Butler County steelmaker AK Steel announced Friday plans to temporarily idle some operations of its Ashland Works steel mill in Kentucky due to unfair trade concerns.
The blast furnace and related steelmaking operations at the facility will shut down in December, but AK Steel said it does not intend to idle everything. The hot-dip galvanizing line that primarily serves automotive customers will keep running, according to AK Steel.
AK Steel has enough steelmaking capacity at its other blast furnaces in Middletown and Dearborn, Mich., to meet customer requirements and does not expect any interruptions in shipments to its customers, according to the company.
“We are taking this necessary step due to the onslaught of what we believe are unfairly traded imports of carbon steel that have been flooding our shores. These imports have substantially reduced order intake rates, production rates, shipment volumes and selling prices,” said James Wainscott, chairman, president and chief executive officer of AK Steel, in a written statement.
“We will continue to closely monitor market conditions and run our overall operations as efficiently as possible to continue to meet our customers’ needs,” Wainscott said.
If market conditions do not improve, the idling of the affected portions of the facility are set to begin in mid-December of 2015 and could last more than six months, company officials say.
AK Steel spokeswoman Lisa Jester did not comment about the impact on Middletown Works or what triggers could cause AK to restart operations at Ashland once they stop.
Ashland Works employs a total about 940 workers, but Jester said in an email the number of jobs to be affected at Ashland has not yet been determined.
However, when the Ashland blast furnace was shut down last year for repairs due to ongoing problems, then AK Steel spokesman Mike Wallner told Journal-News it would not impact production at Middletown.
“It’s important to note that all of the carbon steel slabs produced at our Ashland Works get rolled at Middletown Works. While our Ashland Works blast furnace is down, we will utilize the hot mill at Middletown Works to roll additional carbon steel slabs that we purchase on the open market — just as if they were coming from Ashland,” Wallner said at the time, in Sept. 2014.
The blast furnace is the part of the mill where fuel, iron ore and limestone are heated and reduced to make hot metal.
Fortune 500 company AK Steel has joined three international trade cases this year. Earnings have suffered in 2015 due to lower selling prices, which the company blames partly on rising imports that are artificially low priced. During the first half of this year, the company reported a net loss of $370 million, compared to $103.2 million in 2014.

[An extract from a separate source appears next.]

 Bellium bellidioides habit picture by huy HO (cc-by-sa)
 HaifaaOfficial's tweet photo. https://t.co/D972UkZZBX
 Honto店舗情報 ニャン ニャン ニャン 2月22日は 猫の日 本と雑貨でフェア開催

A lower price of $965 per ton on average for the first six months of 2015 compared to $1,096 in 2014 has also hurt results.
Results for the July to September quarter will be released Oct. 27.
The manufacturer announced July 28 petitions against eight countries related to cold-rolled steel, used to make appliances, automotive products, containers and construction materials.
In June, AK Steel filed complaints in partnership with other steel producers related to corrosion-resistant steel.
The newest petition made in August charges that unfairly-traded imports of certain hot-rolled steel flat products are causing material injury to the domestic industry. Producers from seven countries are being accused of selling hot-rolled steel in the U.S. market at less than fair value. The petition also alleged that the foreign producers benefit from subsidies provided by their governments.
Hot-rolled steel — primarily used in appliances, automotive products, heavy machinery, machine parts, nonresidential construction and transportation equipment — comprised over 15 percent of AK Steel’s shipments in 2014.
One of the Cincinnati-Dayton region’s largest publicly-held companies, West Chester Twp.-based AK Steel employs approximately 2,400 full-time workers in Butler County between headquarter operations and the Middletown Works steel plant, the company’s largest steel plant.
Altogether, AK Steel operates eight steel plants including the Ashland site and Middletown Works. Other steel plants use electric arc furnaces, which consume scrap steel and heat it with an electrical charge to mold metal. Presently, facilities in Ohio, Kentucky, Indiana, Pennsylvania, Michigan and West Virginia employ more than 8,000 altogether and produce flat-rolled carbon, electrical and stainless steels used by the automotive, appliance, construction and manufacturing markets.